From Casetext: Smarter Legal Research

Strand v. Garvin

COURT OF APPEALS OF THE STATE OF OREGON
Jun 3, 2021
312 Or. App. 47 (Or. Ct. App. 2021)

Opinion

A174451

06-03-2021

Justyne M. STRAND, Petitioner-Respondent, v. James P. GARVIN, Respondent-Appellant.

James Garvin filed the brief pro se. No appearance for respondent.


James Garvin filed the brief pro se.

No appearance for respondent.

Before Lagesen, Presiding Judge, and James, Judge, and Kamins, Judge.

LAGESEN, P. J. Father, who is incarcerated, appeals an order denying his motion under ORS 107.135 to modify a judgment that denied him parenting time with his child based on a finding that it would not be in the child's best interests. For the reasons explained below, we agree with father that the court failed to make a sufficient record for us to meaningfully review its exercise of discretion, and we therefore reverse and remand for further proceedings. See Dept. of Human Services v. N. J. V./D. L. O. , 290 Or. App. 646, 648, 419 P.3d 783 (2018) (agreeing with the mother that the juvenile court erred by denying her motion to continue a guardianship hearing without making a sufficient record of its reasons for doing so).
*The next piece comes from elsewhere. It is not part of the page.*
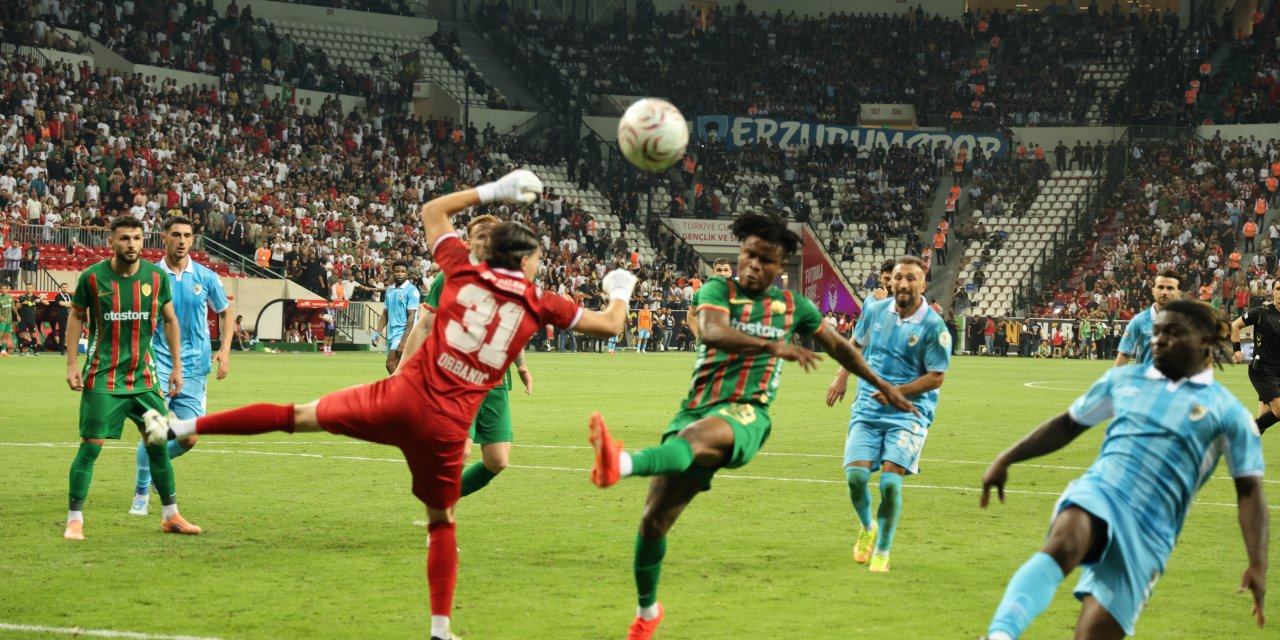 Erzurumspor Fk, Süper Lig’e İkinci Kez Mağlubiyetle Başladı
The relevant background facts are procedural in nature. In September 2019, mother filed a petition seeking sole custody of the parties’ child, N, who was four years old at the time. Mother, using a form petition, checked a box stating that father "should not be granted parenting time because this would endanger the health or safety of the children." In the space provided on the form to "state supporting facts," mother stated that father

"has not seen [N] since 2016, incarcerated since 2016 for domestic violence in front of [N]. Earliest release date is 2024, not healthy for her mentality. Traumatizing to be in a prison for young child. Not safe to be around that environment. [Father] is gang affiliated, has started riots & has had a lot of disciplinary actions. Not an ideal situation for any child."

A deputy sheriff personally served father with the petition on September 20, 2019. On October 21, 2019, mother filed a motion seeking an order of default and entry of judgment on her petition. The court granted the motion that same day, and a default judgment was entered the next day, October 22, 2019. The judgment awarded sole custody to mother and, by way of a check-the-box notation, stated that father "must not have parenting time because this would endanger the health and safety of the children."

The following day, father's response to the petition was filed with the court. The record reflects that it was delivered to the prison mail system at the Oregon State Correctional Institution (OSCI) on October 16, 2019, well before father's response was due, but apparently did not arrive at the court until a week later. In his response, father contested only parenting time. He stated, "I would like to be granted physical visits, video visits, phone calls, and mail. I would like the physical visits weekly due to the fact that I'm in Salem as is my daughter so traveling isn't very far."

The trial court record reflects no further activity in the case until the following April, when father filed a motion for relief from the default judgment under ORCP 71, on the grounds of "mistake, inadvertence, surprise or excusable neglect." In the motion, father explained that he had placed his response in OSCI's legal mail system for delivery to the court for filing and service on petitioner by first-class mail on October 16, 2019, and he attached a log from the prison mail system reflecting mailings to the court and to mother on that date. According to father, he had not received notice of the default, so in February 2020, after not hearing anything about the case, he asked one of the prison's legal assistants to check on the status of the case. The legal assistant informed him that a default had been entered.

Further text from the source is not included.